En résumé, quelle est la position de la SODES? Nous ne sommes pas du tout contre le projet tel que rédigé; nous sommes simplement contre le fait que le Québec l'adopte. Pourquoi? C'est simple. C'est parce que, comme je l'ai dit tantôt, le but de la codification c'est la clarté, c'est l'uniformité. Nous avons l'impression, et nous avons vraiment peur que si ce projet est adopté tel quel, et je parle des articles du droit maritime seulement et de l'assurance maritime, je ne m'adresse pas aux autres articles, s'ils sont adoptés nous allons au contraire créer un système ambigu au Québec. Pourquoi un système ambigu? Parce que même si ce projet est une codification en bonne partie des principes de la "common law", nous sommes en train de couler dans le béton un projet, par la voie de l'Assemblée nationale, alors que, de notre point de vue, l'Assemblée nationale ne peut le faire, pour les raisons que j'ai évoquées.

Le problème que cela va poser, c'est quoi? Pensez, par exemple, à l'assurance maritime. À part les banquiers, il est difficile d'imaginer des gens plus nerveux que les assureurs. Alors, si on a un système au Québec où il y a des règles d'assurance maritime qui s'appliquent mais que ce ne sont pas les mêmes règles qui s'appliquent en Angleterre, en Ontario et ailleurs en Amérique du Nord, on a l'impression qu'on jette une mauvaise lumière sur le Saint-Laurent, dans le sens qu'il y a là un risque que les assureurs ne puissent pas bien évaluer. Ils seront toujours en train de nous poser des questions comme: Quel droit s'applique? Quel article s'applique? Et ainsi de suite. Et on peut aussi bien leur dire: Écoutez, on pense que c'est le fédéral. Il nous faudra, chaque fois, aller en Cour suprême pour nous faire dire si oui ou non tel article du Code civil est applicable. L'exemple probablement parfait, c'est qu'en 1866 le Code civil original du Québec a codifié le droit anglais de l'époque en

bonne partie dans les articles qui ont traité du droit maritime, articles qui d'ailleurs n'ont presque pas été utilisés depuis cette époque. Le problème qu'on a eu depuis ce temps, c'est de savoir, par un exemple très pratique, la limite de tonnage qu'un navire peut évoquer. Dans le Code civil, il y a une limite de tonnage de 36 $ par tonneau, je crois, ou quelque chose comme ça, alors qu'au fédéral c'est trois fois plus. La question nous revient très souvent, à nous, avocats, et à tout le monde, à savoir lequel des deux systèmes s'applique. Nous allons dire maintenant, selon la décision de la Cour suprême, que c'est le système fédéral. Mais le Code civil demeure tel quel, et cela crée une ambiguïté que nous voulons absolument éviter.

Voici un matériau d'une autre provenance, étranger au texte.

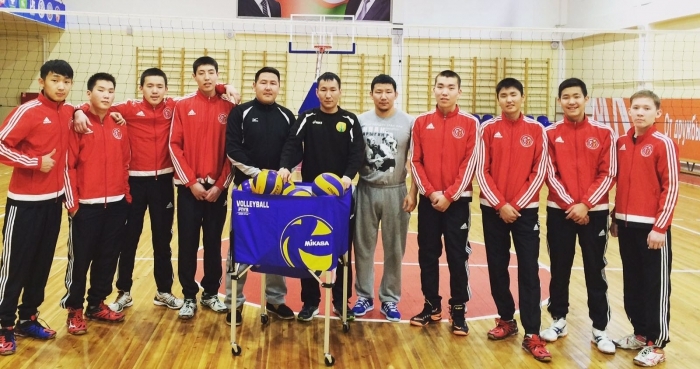 Команда юношей по волейболу готовится к МСИ «Дети Азии»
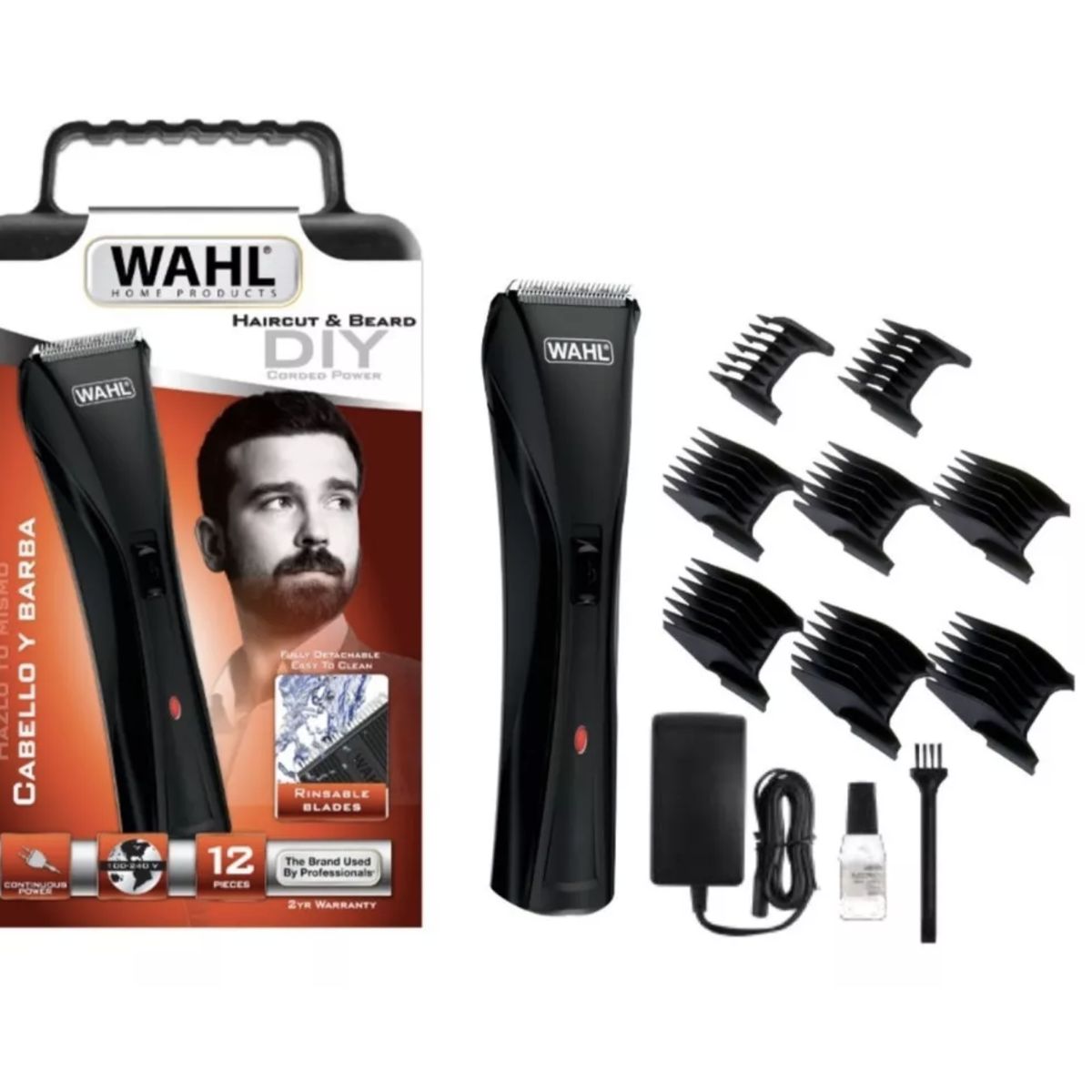 WAHL - Set De Maquina Wahl Haircut & Beard Kit 12 Piezas 9699-1016_.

Il y a un article du Code civil actuel que j'aimerais souligner et il y a un article du projet que j'aimerais également regarder brièvement. D'abord, dans le Code civil, c'est l'article 2496 et, sauf erreur, je crois que cet article n'est pas dans l'avant-projet sous cette forme ni sous aucune autre forme. C'est l'article qui prévoyait, en matière d'assurance maritime, quand le Code civil s'appliquait... Il disait, entre autres, qu'un contrat était conclu au Québec ou réputé conclu au Québec s'il était souscrit par une personne y ayant son domicile ou sa résidence, ou portant sur une chose ou intérêt au Québec, dès lors que le preneur en faisait la demande au Québec ou que l'assureur signait ou y délivrait la police. Très souvent, cet article nous disait que la loi québécoise ne s'appliquait pas parce que, par exemple, si la police était demandée par un courtier anglais auprès d'un assureur anglais, et délivrée à Londres - cela représente à peu près 92 % des cas actuellement, en droit maritime - à ce moment-là, l'article 2496 nous dit que le Code civil ne s'appliquait pas.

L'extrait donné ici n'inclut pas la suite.